Adaptive Runge-Kutta method for ordinary differential equations.

The embedded methods are designed to produce an estimate of the local truncation error of a single Runge-Kutta step, and as result, allow to control the error with adaptive step-size. This is done by having two methods in the tableau, one with order p and one with order $$p-1$$.

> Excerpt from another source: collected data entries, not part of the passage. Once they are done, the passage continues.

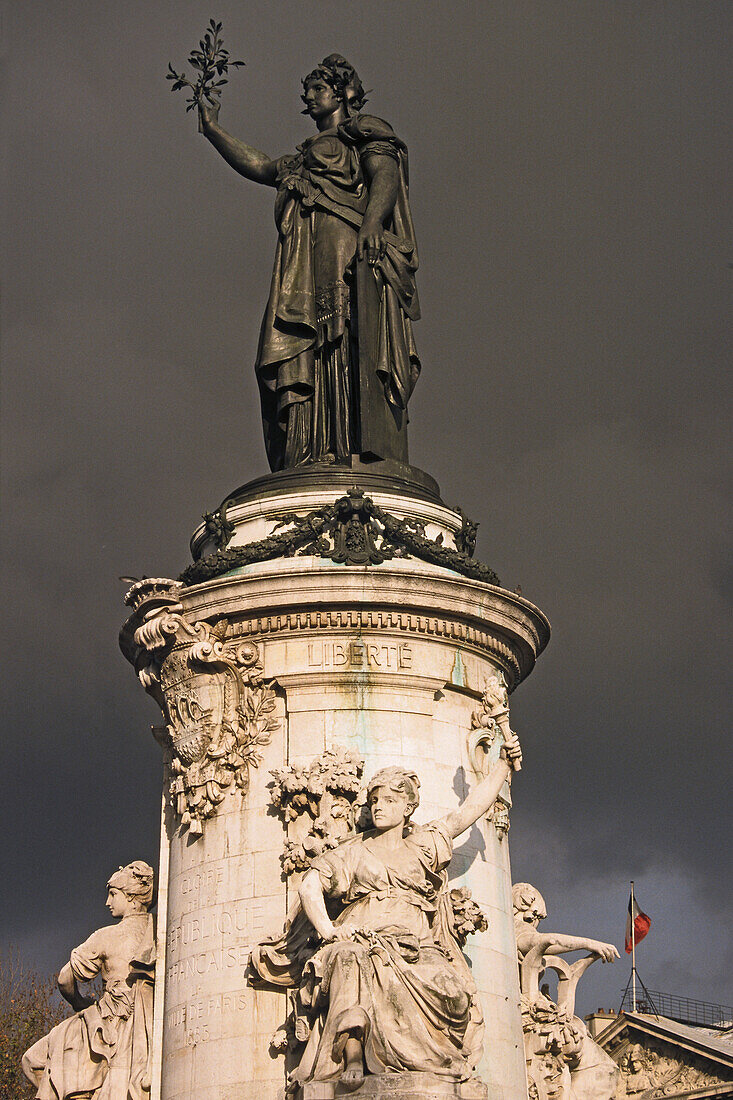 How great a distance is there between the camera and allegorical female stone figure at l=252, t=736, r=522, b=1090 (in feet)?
46.8

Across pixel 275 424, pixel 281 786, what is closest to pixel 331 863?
pixel 281 786

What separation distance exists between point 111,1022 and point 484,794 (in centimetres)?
470

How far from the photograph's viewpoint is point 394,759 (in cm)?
1703

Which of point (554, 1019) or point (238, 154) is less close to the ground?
point (238, 154)

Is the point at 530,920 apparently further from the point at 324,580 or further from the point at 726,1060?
the point at 726,1060

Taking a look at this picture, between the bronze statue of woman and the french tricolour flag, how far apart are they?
30099 mm

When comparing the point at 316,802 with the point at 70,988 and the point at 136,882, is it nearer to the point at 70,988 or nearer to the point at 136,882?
the point at 136,882

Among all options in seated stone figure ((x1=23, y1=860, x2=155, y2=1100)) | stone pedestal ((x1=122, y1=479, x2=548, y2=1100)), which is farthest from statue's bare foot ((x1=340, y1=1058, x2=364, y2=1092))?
seated stone figure ((x1=23, y1=860, x2=155, y2=1100))

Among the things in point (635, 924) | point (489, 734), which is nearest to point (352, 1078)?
point (489, 734)

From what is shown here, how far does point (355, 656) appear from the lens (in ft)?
57.4

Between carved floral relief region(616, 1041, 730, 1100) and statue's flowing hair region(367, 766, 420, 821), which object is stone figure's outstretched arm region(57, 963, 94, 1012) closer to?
statue's flowing hair region(367, 766, 420, 821)

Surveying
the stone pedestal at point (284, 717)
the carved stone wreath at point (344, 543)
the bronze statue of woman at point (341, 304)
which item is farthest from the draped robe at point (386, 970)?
the bronze statue of woman at point (341, 304)

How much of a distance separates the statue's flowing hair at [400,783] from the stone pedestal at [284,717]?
3.30 feet

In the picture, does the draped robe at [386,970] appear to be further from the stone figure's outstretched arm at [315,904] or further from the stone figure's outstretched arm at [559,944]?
the stone figure's outstretched arm at [559,944] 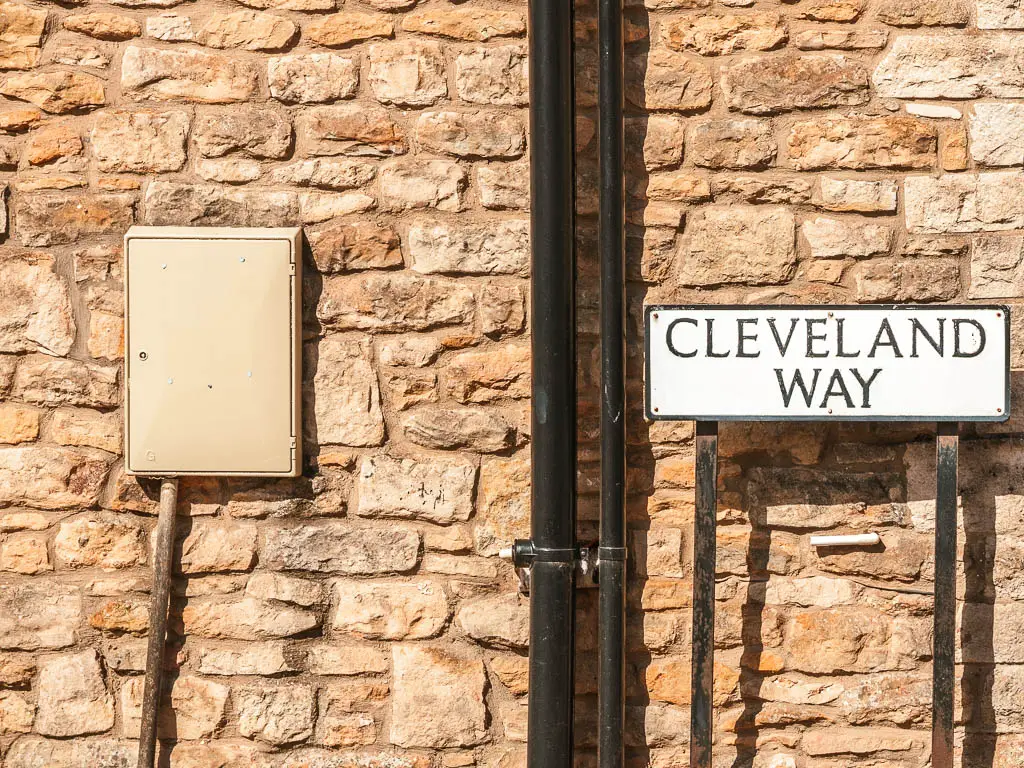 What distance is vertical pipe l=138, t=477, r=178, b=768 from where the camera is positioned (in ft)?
7.47

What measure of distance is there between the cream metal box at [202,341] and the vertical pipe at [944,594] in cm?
172

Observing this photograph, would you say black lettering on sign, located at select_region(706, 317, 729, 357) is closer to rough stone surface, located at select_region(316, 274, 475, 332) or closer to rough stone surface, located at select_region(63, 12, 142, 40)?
rough stone surface, located at select_region(316, 274, 475, 332)

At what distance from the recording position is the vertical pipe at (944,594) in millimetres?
2117

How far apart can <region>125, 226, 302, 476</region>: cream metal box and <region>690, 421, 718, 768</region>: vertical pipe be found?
1151 mm

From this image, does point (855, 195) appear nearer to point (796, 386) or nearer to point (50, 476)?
point (796, 386)

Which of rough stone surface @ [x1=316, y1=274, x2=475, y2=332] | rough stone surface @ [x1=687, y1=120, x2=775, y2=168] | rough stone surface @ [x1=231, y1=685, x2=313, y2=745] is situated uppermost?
rough stone surface @ [x1=687, y1=120, x2=775, y2=168]

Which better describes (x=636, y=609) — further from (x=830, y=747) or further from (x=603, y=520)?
(x=830, y=747)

The lower-order step is given by

$y^*_{n+1} = y_n + h\sum_{i=1}^s b^*_i k_i,$

where the $$k_{i}$$ are the same as for the higher order method. Then the error is

$e_{n+1} = y_{n+1} - y^*_{n+1} = h\sum_{i=1}^s (b_i - b^*_i) k_i,$

which is $$O(h^{p})$$. The Butcher Tableau for this kind of method is extended to give the values of $$b_{i}^{*}$$

$\begin{split}\begin{array}{c|cccc} c_1 & a_{11} & a_{12}& \dots & a_{1s}\\ c_2 & a_{21} & a_{22}& \dots & a_{2s}\\ \vdots & \vdots & \vdots& \ddots& \vdots\\ c_s & a_{s1} & a_{s2}& \dots & a_{ss} \\ \hline & b_1 & b_2 & \dots & b_s\\ & b_1^* & b_2^* & \dots & b_s^*\\ \end{array}\end{split}$
Parameters:
• f (callable) – The derivative function.

• show_code (bool) – Whether show the formatted code.

• dt (float) – The numerical precision.